'''

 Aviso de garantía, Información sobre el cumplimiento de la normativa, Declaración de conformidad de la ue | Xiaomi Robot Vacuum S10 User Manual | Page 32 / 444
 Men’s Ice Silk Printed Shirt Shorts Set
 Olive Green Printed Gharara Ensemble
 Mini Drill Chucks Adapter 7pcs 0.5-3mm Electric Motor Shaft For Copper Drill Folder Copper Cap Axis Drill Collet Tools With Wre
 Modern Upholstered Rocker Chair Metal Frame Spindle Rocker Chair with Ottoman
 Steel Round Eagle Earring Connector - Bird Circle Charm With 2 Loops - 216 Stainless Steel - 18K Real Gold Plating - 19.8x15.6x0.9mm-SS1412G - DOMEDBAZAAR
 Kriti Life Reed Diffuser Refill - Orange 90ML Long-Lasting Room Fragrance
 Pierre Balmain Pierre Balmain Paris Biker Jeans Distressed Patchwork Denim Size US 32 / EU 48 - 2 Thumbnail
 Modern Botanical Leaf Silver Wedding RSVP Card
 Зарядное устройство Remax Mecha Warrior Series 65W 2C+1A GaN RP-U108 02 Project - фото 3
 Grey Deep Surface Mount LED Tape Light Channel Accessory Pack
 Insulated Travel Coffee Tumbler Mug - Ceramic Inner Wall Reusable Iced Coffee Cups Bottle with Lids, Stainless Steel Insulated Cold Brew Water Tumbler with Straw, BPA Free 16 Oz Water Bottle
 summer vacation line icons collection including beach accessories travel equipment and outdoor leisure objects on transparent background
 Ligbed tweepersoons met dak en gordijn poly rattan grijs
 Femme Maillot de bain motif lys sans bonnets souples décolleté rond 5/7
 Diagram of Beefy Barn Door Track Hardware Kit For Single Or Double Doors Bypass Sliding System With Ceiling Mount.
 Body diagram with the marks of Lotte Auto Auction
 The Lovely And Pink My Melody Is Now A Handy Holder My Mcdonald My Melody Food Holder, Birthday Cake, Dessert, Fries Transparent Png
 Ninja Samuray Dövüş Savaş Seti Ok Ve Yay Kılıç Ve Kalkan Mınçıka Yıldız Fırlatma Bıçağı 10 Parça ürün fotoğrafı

'''

Send back exactly the lines of the listing above, beginning at the line containing "Зарядное устройство Remax" and ending with the last. Add nothing.

 Зарядное устройство Remax Mecha Warrior Series 65W 2C+1A GaN RP-U108 02 Project - фото 3
 Grey Deep Surface Mount LED Tape Light Channel Accessory Pack
 Insulated Travel Coffee Tumbler Mug - Ceramic Inner Wall Reusable Iced Coffee Cups Bottle with Lids, Stainless Steel Insulated Cold Brew Water Tumbler with Straw, BPA Free 16 Oz Water Bottle
 summer vacation line icons collection including beach accessories travel equipment and outdoor leisure objects on transparent background
 Ligbed tweepersoons met dak en gordijn poly rattan grijs
 Femme Maillot de bain motif lys sans bonnets souples décolleté rond 5/7
 Diagram of Beefy Barn Door Track Hardware Kit For Single Or Double Doors Bypass Sliding System With Ceiling Mount.
 Body diagram with the marks of Lotte Auto Auction
 The Lovely And Pink My Melody Is Now A Handy Holder My Mcdonald My Melody Food Holder, Birthday Cake, Dessert, Fries Transparent Png
 Ninja Samuray Dövüş Savaş Seti Ok Ve Yay Kılıç Ve Kalkan Mınçıka Yıldız Fırlatma Bıçağı 10 Parça ürün fotoğrafı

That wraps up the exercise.